I wanted an "On Air" sign that would show up behind me while I'm in a video call at work.
Since I work from home in the living room, this is a useful indicator to my wife that I'm in a meeting (even if muted and just listening). It's also something fun that shows up behind me while in a call and gets many nice compliments!
- "On Air" status must be triggered automatically when Zoom calls begin or end
- Learn some basic woodworking skills
- Make the finished product look minimal and stylish
- Learn how to use an RTC (Real-time clock) module
- Include multiple modes so the project can be interacted with
Electronics:
- NodeMCU v3 ESP8266 microcontroller board
- 8x32 LED matrix
- DS3231 Real-time clock module
- Cables
- Breadboard
- A long USB cable
Case:
- 3mm darkened perspex / acrylic
- Nuts and bolts
- 6mm MDF board (sourced from leftover IKEA shelving)
Tools:
- Jigsaw
- Clamps
- Wood glue
- Jigsaw table
- Drill
Prototyping the electronics came first, as usual. I hadn't worked with a large LED pixel array before, so this was the first thing I wanted to get right. With the LedControl library this is actually quite easy!
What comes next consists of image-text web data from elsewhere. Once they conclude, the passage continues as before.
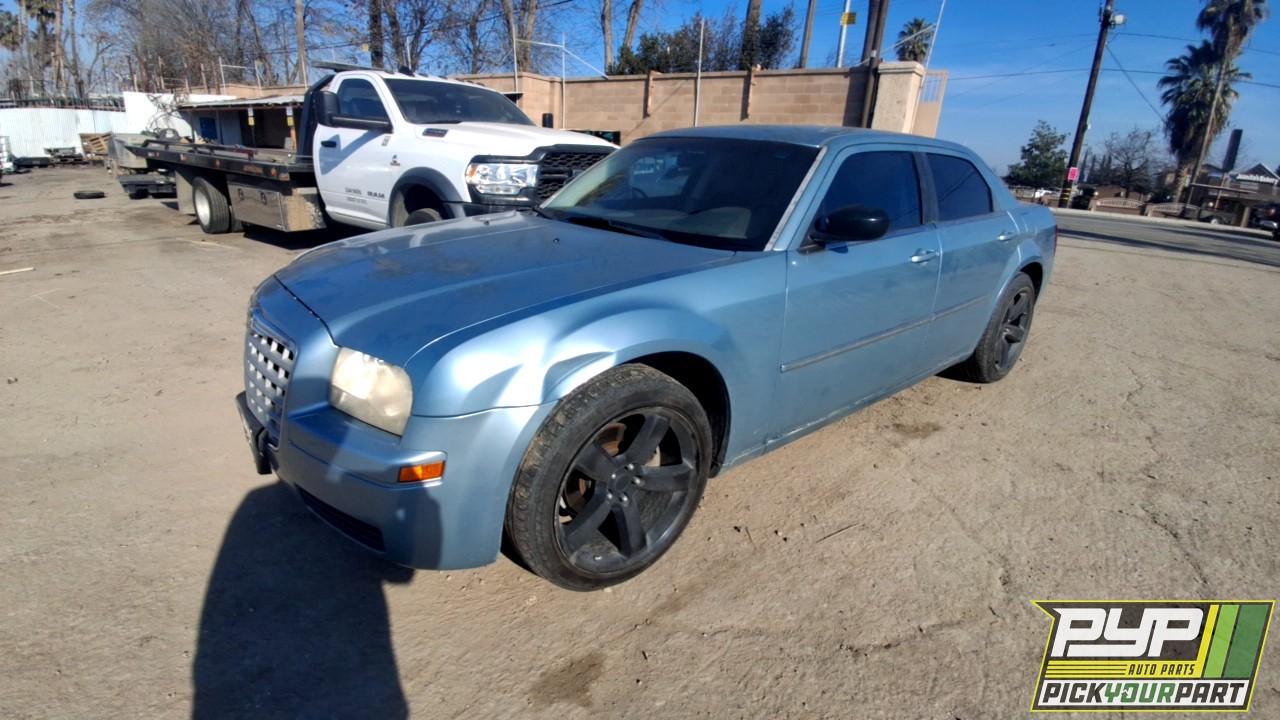 2009 CHRYSLER 300 available for parts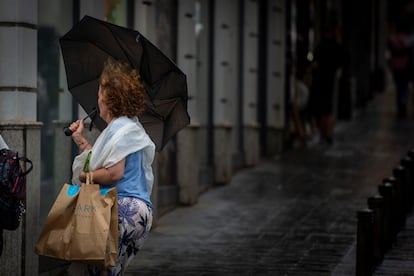 Una mujer en la Gran Vía de Madrid, este domingo.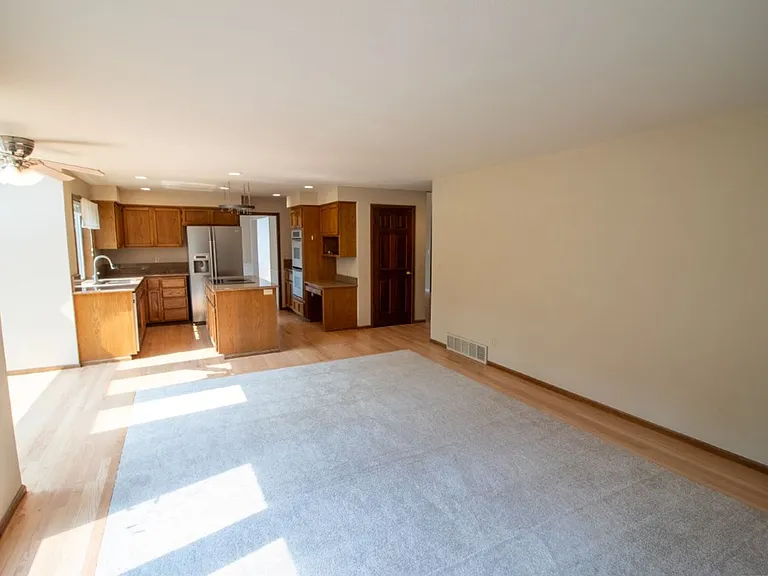 24435 SE 42nd Pl — Photo 12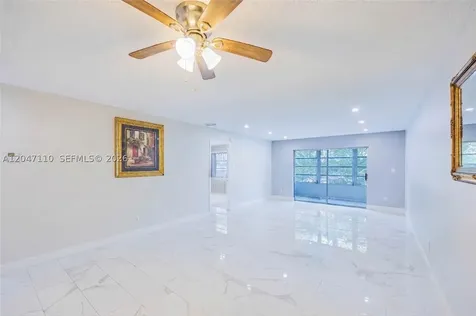 8100 SW 24th Street North Lauderdale FL 33068
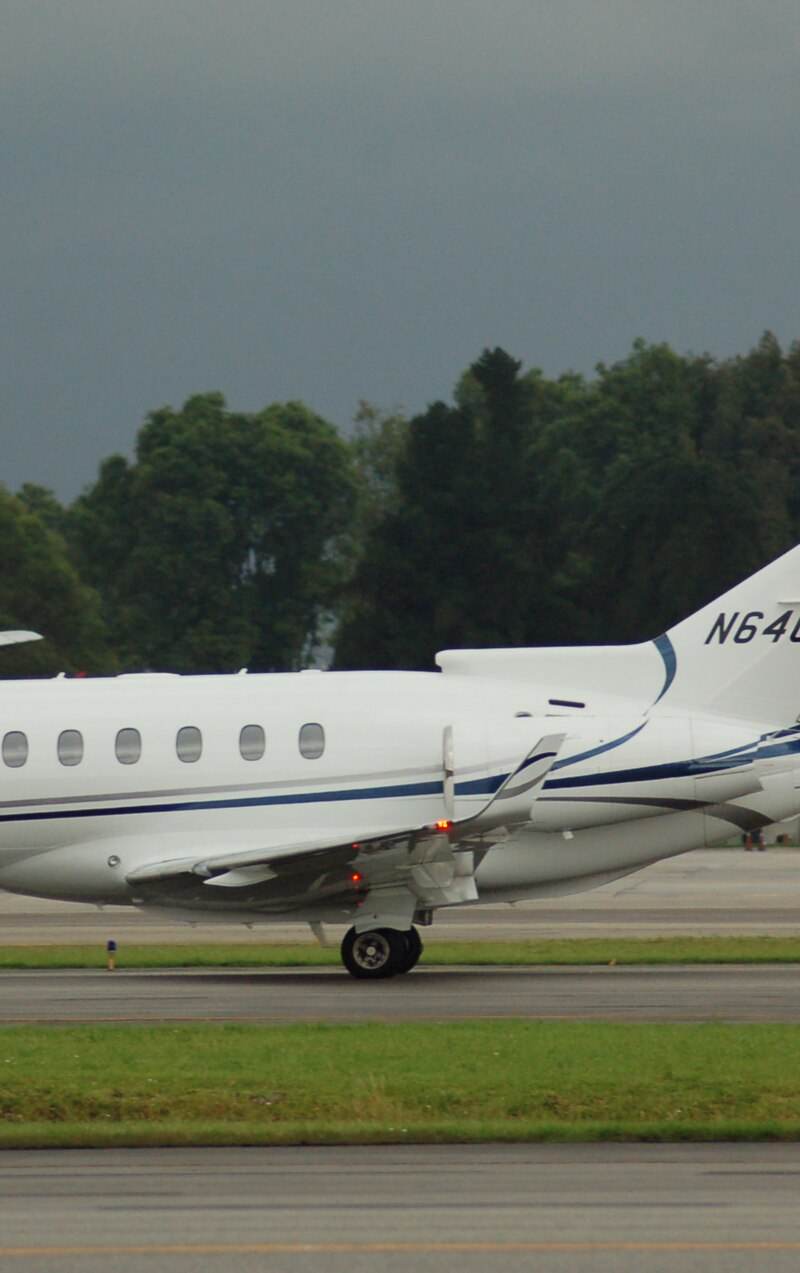 N6409A - Business jet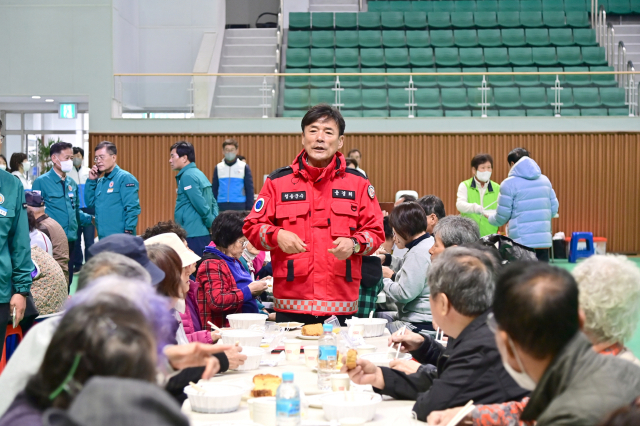윤경희 청송군수(가운데)가 이재민들에게 임시주거용 주택에 대해 설명하는 모습. 청송군 제공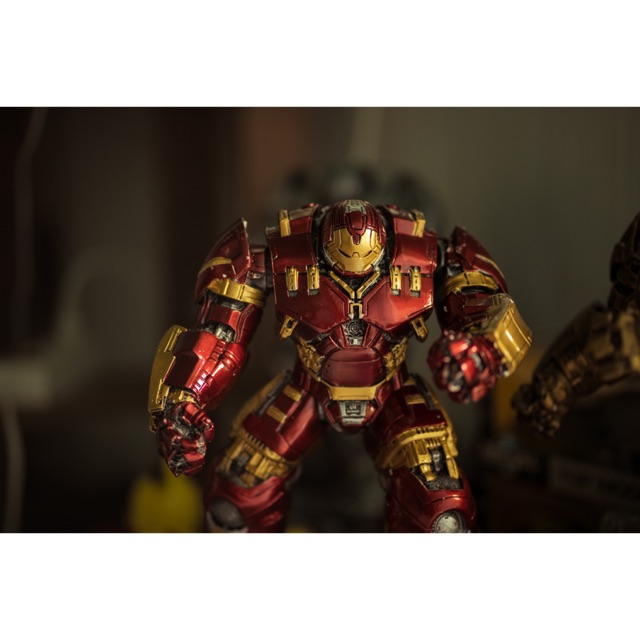 Mô hình Ironman HulkBuster - Đỏ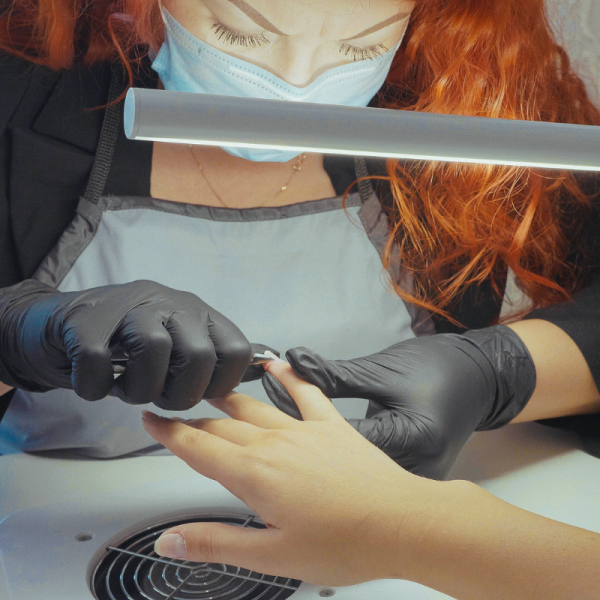 Gants jetables nitrile non poudres noirs taille S bo?te de 100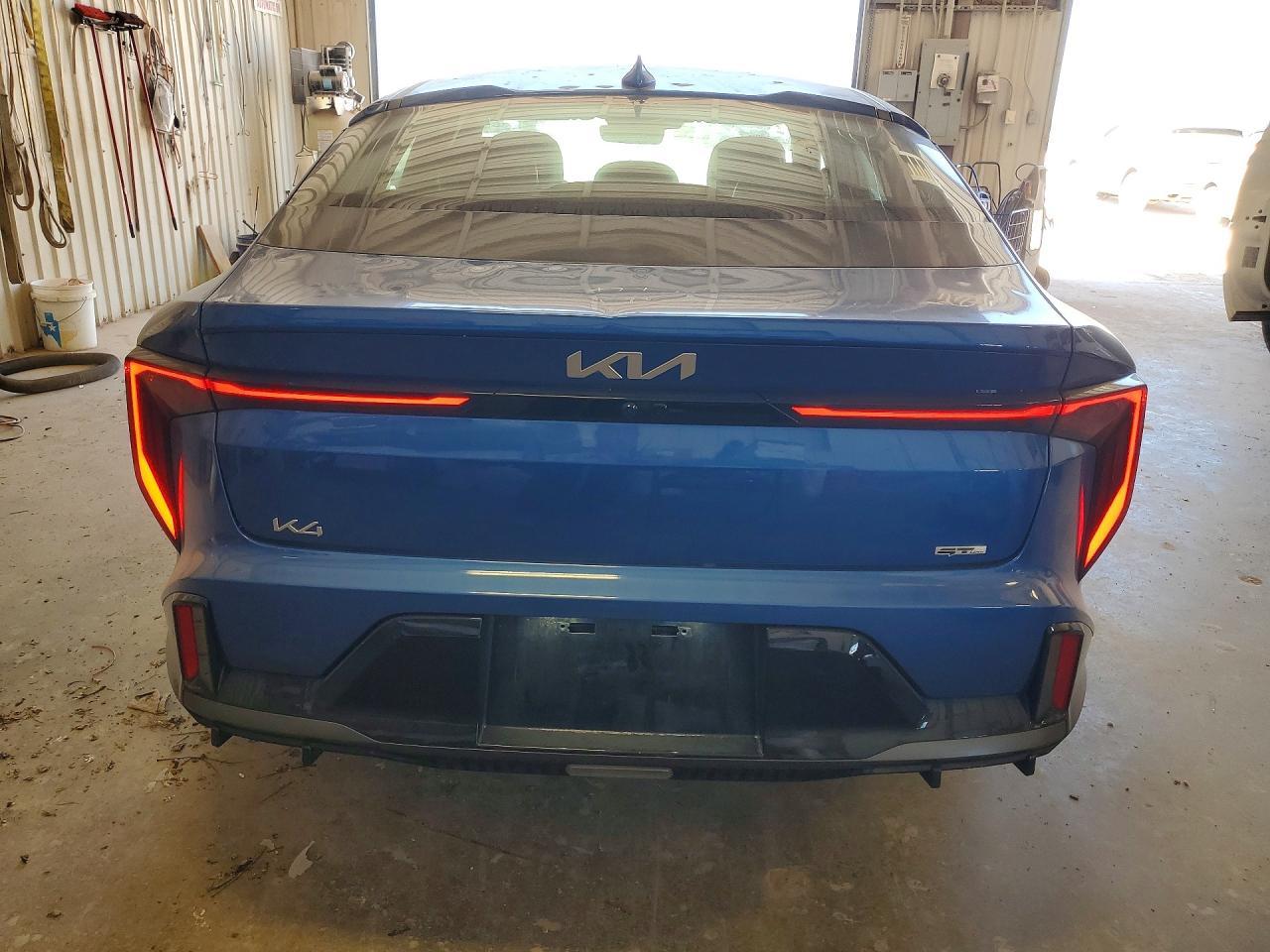 2025 Kia K4 Gt Line - zdjęcie 6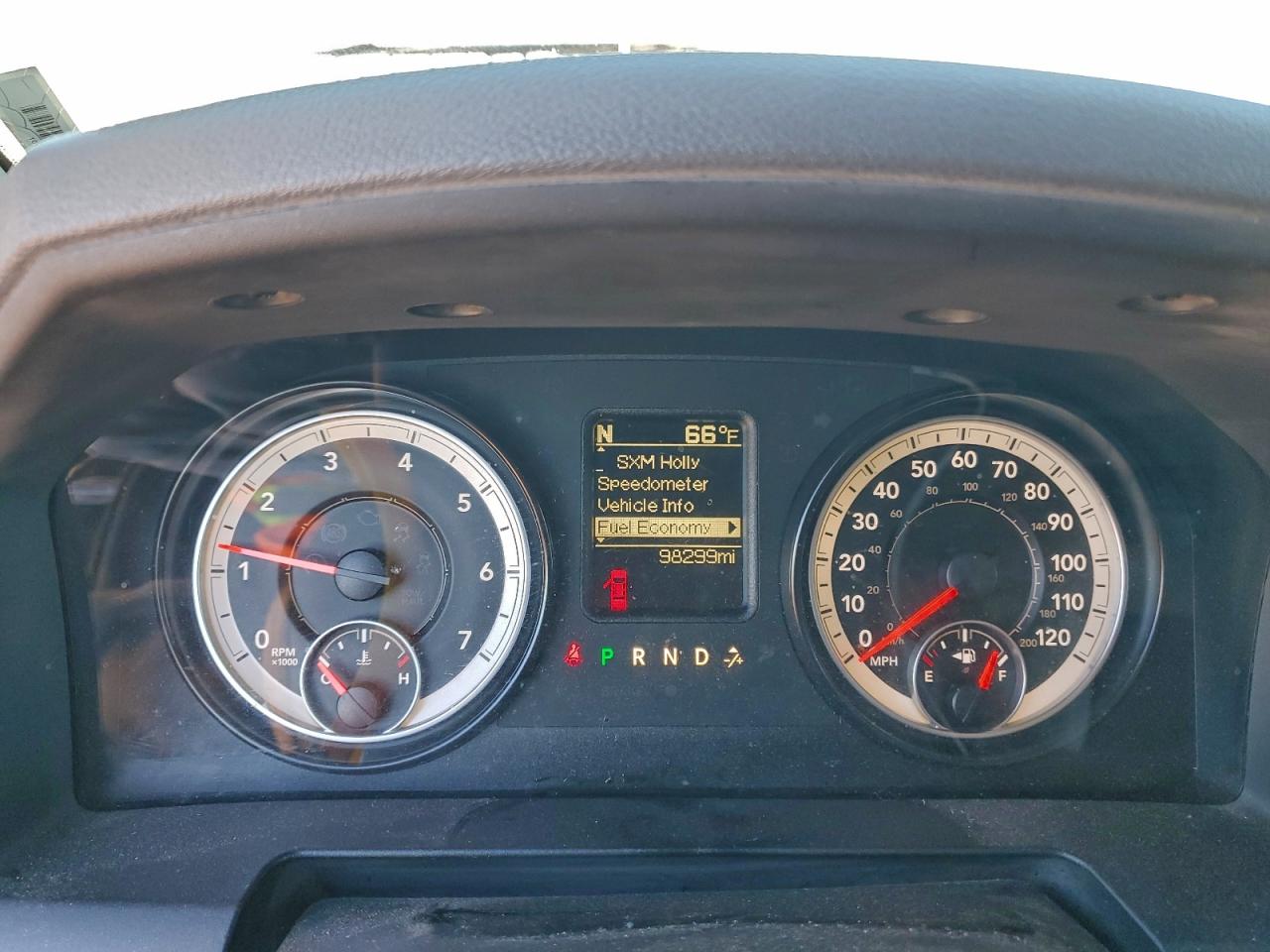 2014 RAM 1500 SLT photo 9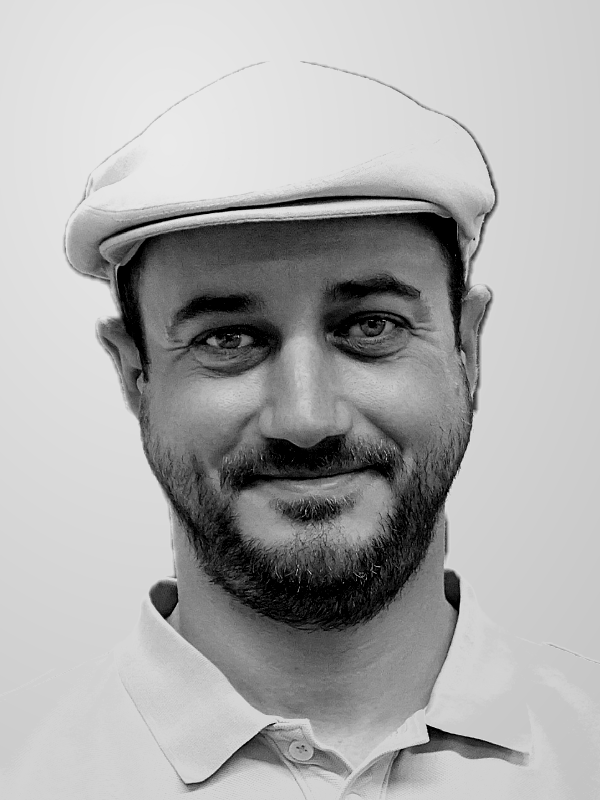 profilepic-bw-600x800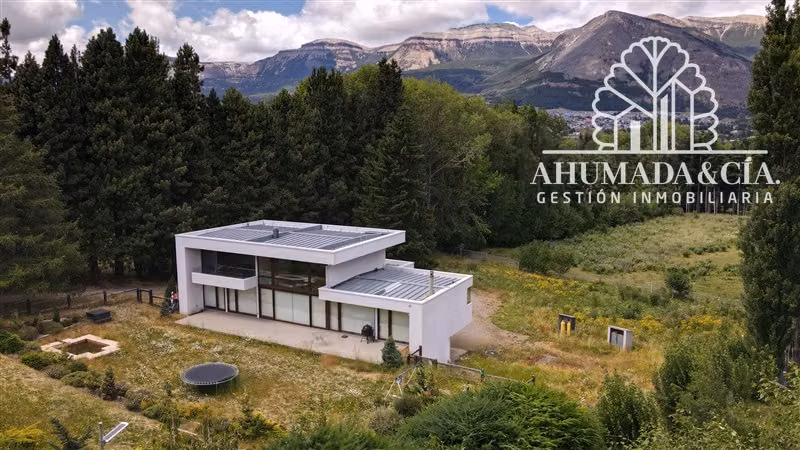 Casa en venta de 4 dorm. en Coihaique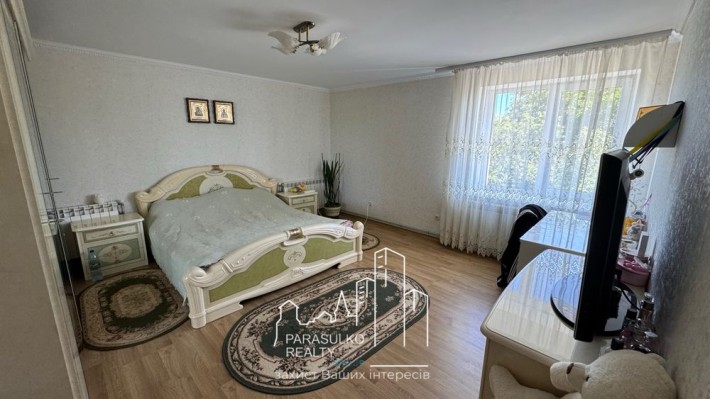 Продам просторий будинок, який готовий для проживання - фото 1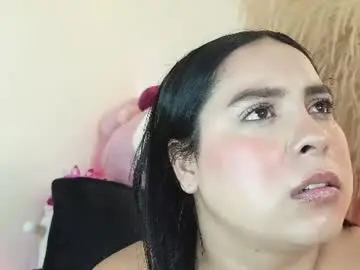 Bella_saint33  live sex cam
I was inspired by this design which took an old wine box and converted it into an 8x64 LED display.
Beyond the cliché "ON AIR" message, I also wanted a couple of other modes to be available. As this is a wall piece that'll be visible from the whole room, a clock mode seemed obvious. That meant testing out the DS3231 RTC module. It turns out (!) that lots of DS3231 modules available online ship with a flaw that puts the battery at risk of overcharging and possible explosion. However, desoldering a resistor will safely avoid this risk.
The case is made from pieces of 6mm MDF that were "upcycled" from leftover IKEA shelving. Each piece was measured and drawn out, then cut with a household jigsaw tool. Videos like this were really helpful for me to know how where to get started with it.
After cutting the pieces, and cutting out the front slot for the LED's, I applied wood glue and clamped the sides together. Some heavy weight from above helped to keep the sides stuck on to the front. I left the glue to cure for about 24 hours.
Next, I checked that the LED's fit correctly and snugly into the front slot. They did!
The acrylic front cover came with protective plastic on both sides. Leaving this on, I carefully drilled through the acrylic to leave a clean cut on both sides. Separately I drilled through the front cover in the same location. After confirming the alignment, I removed the acrylic's protective cover and bolted it to the case, with some washers to distribute the force a little better. It's a snug fit but doesn't need to be too tight.
Final dimensions:
- 250mm wide
- 89mm deep (86mm case + 3mm acrylic)
- 120mm tall
- LED slot
- 130mm wide
- 32mm tall
Everything is mounted on a breadboard and wired to that. There's plenty of space left inside the case - in fact it could be slimmer, if I was to build another version in the future.
The microcontroller board is USB powered, plugged into a wall adaptor.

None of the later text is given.